(Stored items)
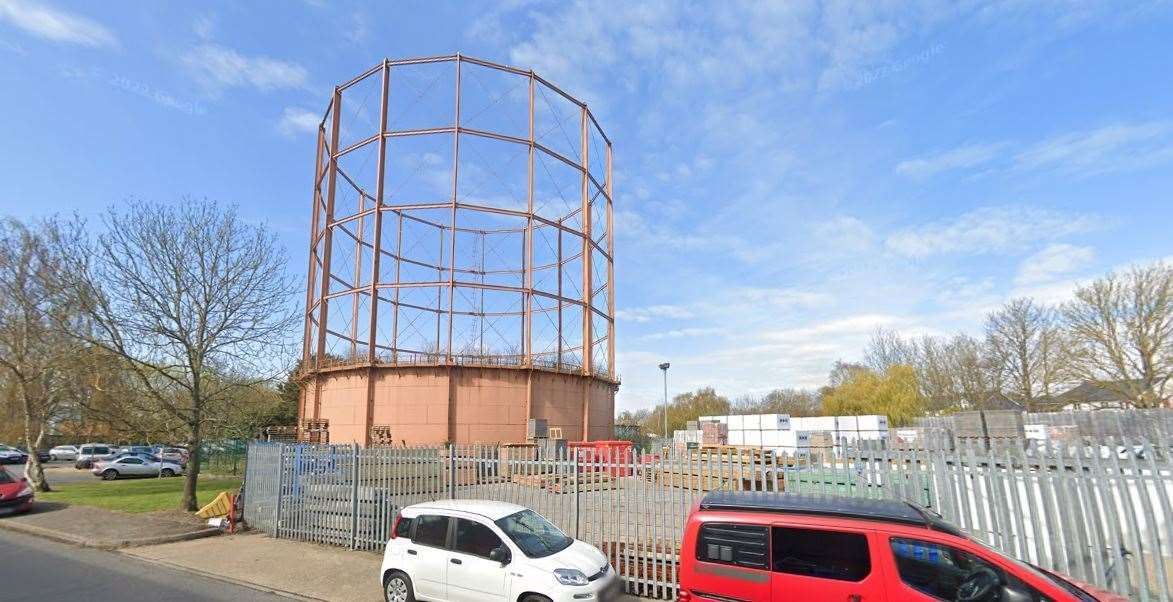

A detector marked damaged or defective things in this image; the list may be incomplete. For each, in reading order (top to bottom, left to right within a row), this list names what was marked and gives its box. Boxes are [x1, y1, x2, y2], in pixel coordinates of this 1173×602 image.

rusty gasometer frame [300, 57, 616, 384]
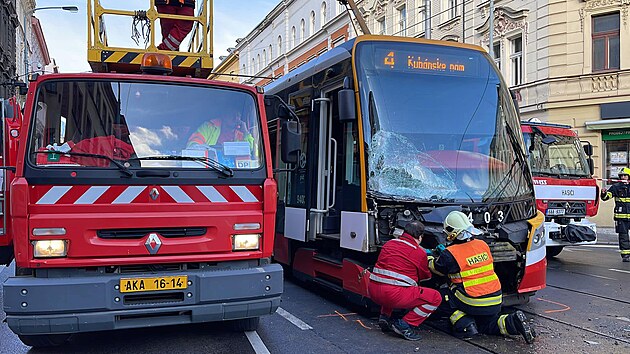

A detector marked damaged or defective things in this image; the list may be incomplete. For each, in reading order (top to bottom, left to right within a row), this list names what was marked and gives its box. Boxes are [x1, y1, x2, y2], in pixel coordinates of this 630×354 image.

cracked windshield [27, 80, 262, 169]
cracked windshield [356, 41, 532, 202]
cracked windshield [524, 133, 592, 177]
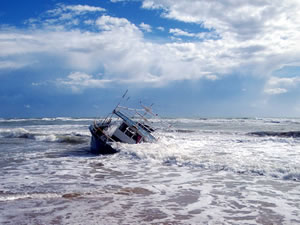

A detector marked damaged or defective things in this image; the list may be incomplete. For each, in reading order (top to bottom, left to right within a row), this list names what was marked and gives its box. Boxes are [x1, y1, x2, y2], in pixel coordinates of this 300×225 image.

wrecked boat [88, 94, 157, 154]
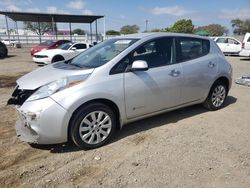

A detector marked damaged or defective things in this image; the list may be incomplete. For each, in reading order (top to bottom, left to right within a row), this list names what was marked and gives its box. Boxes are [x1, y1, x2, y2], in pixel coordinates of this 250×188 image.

exposed headlight housing [26, 74, 90, 102]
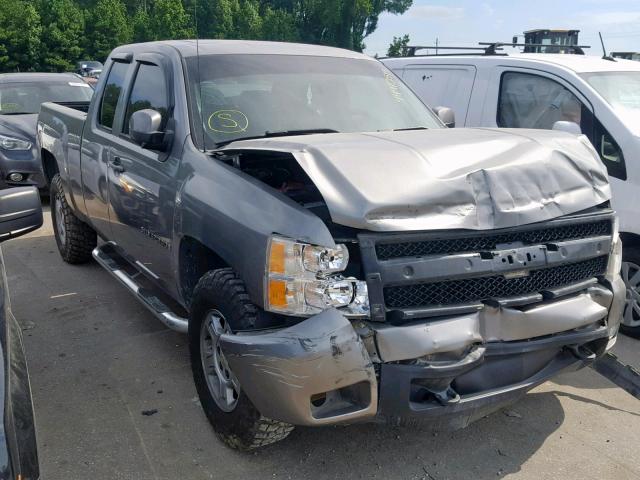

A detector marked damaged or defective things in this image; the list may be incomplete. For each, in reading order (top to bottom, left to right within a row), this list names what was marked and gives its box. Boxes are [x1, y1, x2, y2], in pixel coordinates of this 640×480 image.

broken headlight [266, 234, 370, 316]
damaged gray truck [36, 40, 624, 450]
crumpled hood [221, 128, 608, 232]
bent bumper [220, 278, 624, 428]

§ **Problem**: Output exactly the lines from the line containing "this 250×188 image." through the last line of the records, both included, and leave out every picture.

§ **Completed exercise**:
A detector marked damaged or defective things in this image; the list may be incomplete. For each, in reading order (top to bottom, left to right within a row), this list names what was marked and gives its box. Boxes are [x1, y1, x2, y2], in pixel coordinates of this 250×188 image.

exposed headlight housing [26, 74, 90, 102]

A detector marked damaged or defective things in this image; the list may be incomplete. For each, in reading order (top to bottom, left to right within a row), this list names what was marked and gives its box. Boxes are [x1, y1, x2, y2], in pixel coordinates of this 640×480 image.

broken headlight [266, 234, 370, 316]
damaged gray truck [36, 40, 624, 450]
crumpled hood [221, 128, 608, 232]
bent bumper [220, 278, 624, 428]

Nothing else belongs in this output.